# Ahh - My Dynaco ST-70 is back in action.



## chad1376 (Dec 27, 2012)

The Dynaco was my first tube amp - purchased on eBay for $200 and I rebuilt it about about 14 years ago. Over time it got kicked to the side for a 2A3 and then a 300B SET amp projects. Eventually I yearned for more power and got sick of jumping out of the couch to adjust the volume, so i installed a run-of-the-mill consumer grade home theater reciever because it had 100wpc and a remote.

This weekend, I dragged the ST-70 out of the closet, re-tubed it and hooked up my old DIY Foreplay preamp. Holy crap, I forgot what I was missing. Music sounds like music again. Even iTunes and BlueRay digitized garbage sounds rich and musical. Sure, the ol' gal lacks punchy bass and analytical treble, and I know it injects a fair bit of syrupy harmonics, but I don't care, it sounds "right". 
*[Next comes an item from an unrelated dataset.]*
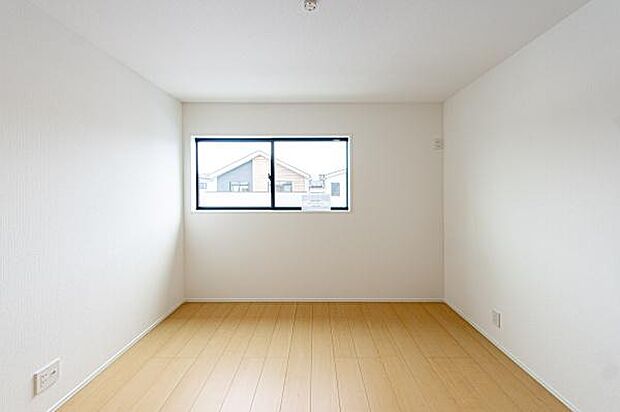 「Bed Room」落ち着いた色合い、シンプルなデザイン。洋室として大事なお部屋です。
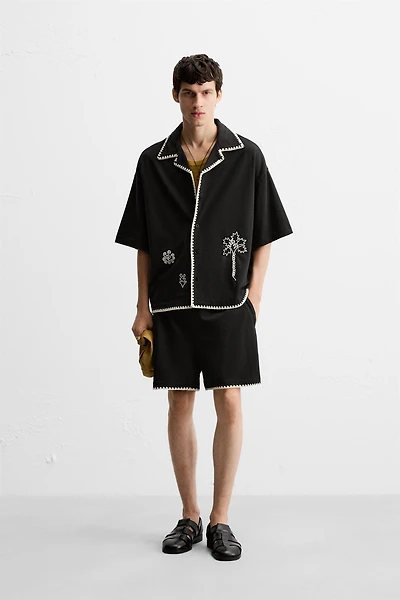 CONTRAST EMBROIDERY SHORTS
And I still have a remote - he's 10-years old and loves to click the stepped attenuator.


----------



## raamaudio (May 4, 2005)

Brings back old and fond memories. Back around 1983 I bought an ST-70 at 2nd hand store, refurbed it, built a very large baffle Dynaudio 2-way setup and a sub and loved it.

I run a little Baby Sophia now, modded to the hilt of course, on some Edgarhorn Slimlines, dual ID15 sealed subs with 1kw but need to hook up the other two 15's and the 3.8KW H class amps someday........

Source unit is an OPPO BD83 SE with quad 24 bit DACs per stereo channel, does a fine job


----------